I got to return to Mesa Verde National Park last week and tour two more of the enormous cliff dwellings built nine hundred years ago directly into the rock. They are impressive places, made up of turrets and geometric stacks of rooms and huge circular underground kivas. It's hard not to think what the first white Americans, cattle ranchers, thought when they encountered them for the first time: how could somebody build something like this and then just abandon it? The "disappearance" of Ancestral Puebloans, previously known as the Anasazi, has been compelling narrative for a long time, a puzzle to be solved. Craig Childs, in House of Rain, travels through major and minor Puebloan sites throughout the southwest and Mexico, seeking an answer to just that question.

Among other things, House of Rain is a travelogue, and some of the most impressive passages involve Childs moving across the high, dry landscape of the Four Corners area on foot, sometimes with his wife and infant son in tow. He skillfully and poetically describes the beauty of this area, which is among my favorite places in the world. So in that sense it was like comfort food to me. And I appreciated hearing descriptions of some of these Puebloan sites I'll never see; tucked away in the corners of deep canyons, undisturbed in the way those first ranchers must have seen them. You can see how much more uncomfortable Childs is at, say, Aztec Ruins, a site run by the National Park Service in the backyard of a suburb of Farmington, New Mexico. Better to pass into these regions of quietude, where the intervening years can disappear and the past reappear in the form of a broken wall, a husk of corn, a potsherd.

So what happened to the Ancestral Puebloans? As Child notes, though a little begrudgingly, the mystery is not much of a mystery at all: they migrated, probably because of an intense drought in the high country of the Four Corners. Childs puts some specifics to this that I found highly interesting: his conclusion, based on the introduction of new kinds of polychromatic pottery in the lower regions of Arizona, is that the Puebloan culture migrated to the south, mingling with Hohokam and Mogollon cultures that were already there to create the culture now known by archaeologists as the Salado. It's Childs' contention, actually, that tensions between the new elements of this multicultural society resulted in the collapse of that society, leading the Pueblo peoples to splinter into the groups that now make up the two-dozen-odd Pueblos of the Rio Grande Valley, as well as the Hopi. But Childs throws his lot in with some more outre conclusions as well, like a revisionist theory that Puebloans migrated north from Chaco Canyon to Mesa Verde and then south again along the same meridian to a location in Mexico known as Paquime (or today as Casas Grandes), which other archeologists consider more closely related to the Aztec cultures of Mexico to the south. In any case, Childs favors a version of the Puebloans that emphasizes their grandeur, claiming for them a larger sphere of influence than many of his peers.

House of Rain is only twenty years old, but it wears its age.

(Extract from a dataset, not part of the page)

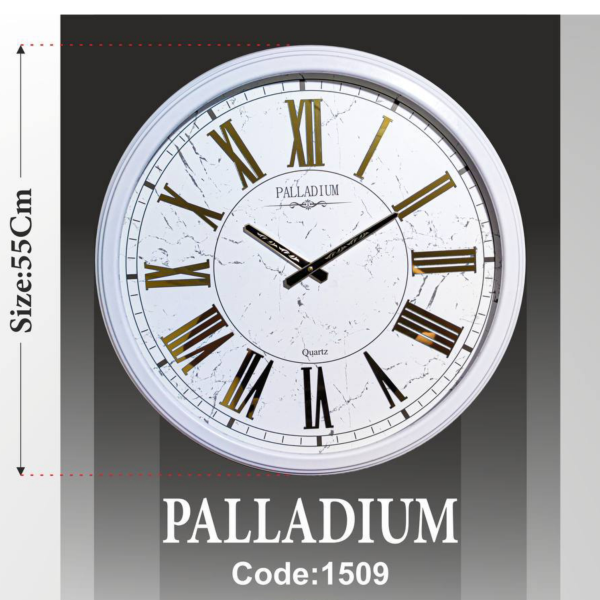 ساعت دیواری فلزی پالادیوم، ساعت دیواری سایز 55 با اعداد برجسته طلایی، ساعت دیواری سفید با موتور آرامگرد و اعداد یونانی | مدل 1509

The term Anasazi, a rude exonym that comes from the Navajo, has been entirely supplanted by "Ancestral Puebloan." And while Childs undercuts the question Where did they go, my understanding is that nobody accepts this any longer as a framework from which to begin--something which perhaps Childs should be given credit for. But my biggest frustration with House of Rain is how it keeps modern Pueblo peoples at arm's length. They appear infrequently, and often in ways that stymie Childs' research, as with a council of elders that refuses to give Childs permission to conduct research. Childs paints this as a typical reservedness, but then again, he's the one who uses the word Anasazi around them, knowing it's offensive, but catching himself too late. Childs folds in some of the stories and legends of modern-day Puebloans that support the narrative of migration, but I noticed that these stories always tend to begin "a Hopi man once told me," while the researchers have names. At a dig, Childs notes the frustration of an archeologist who is forced to stop digging when human remains are found--a key stipulation of the Native American Grave Protection and Repatriation Act--and, in way that felt telling to me, lets that frustration pass by without comment.

All of these are minor missteps, perhaps, but they add up to a sense that Childs is most interested in the version of the Ancestral Puebloans that live in his imagination, and keeps the modern-day Puebloans and Hopi who might shine light on them at arm's length because they might complicate that imagination. Which is all just to say that I think House of Rain would be stronger if it had found a way to engage more deeply with them. That said, in the end, I really enjoyed deepening my understanding of the people of Mesa Verde this way, and I was persuaded by Childs' invitation to see them not as a static society that suddenly "collapsed," but a living, moving culture passing through several stages of development over centuries: a rhythm, a form of motion.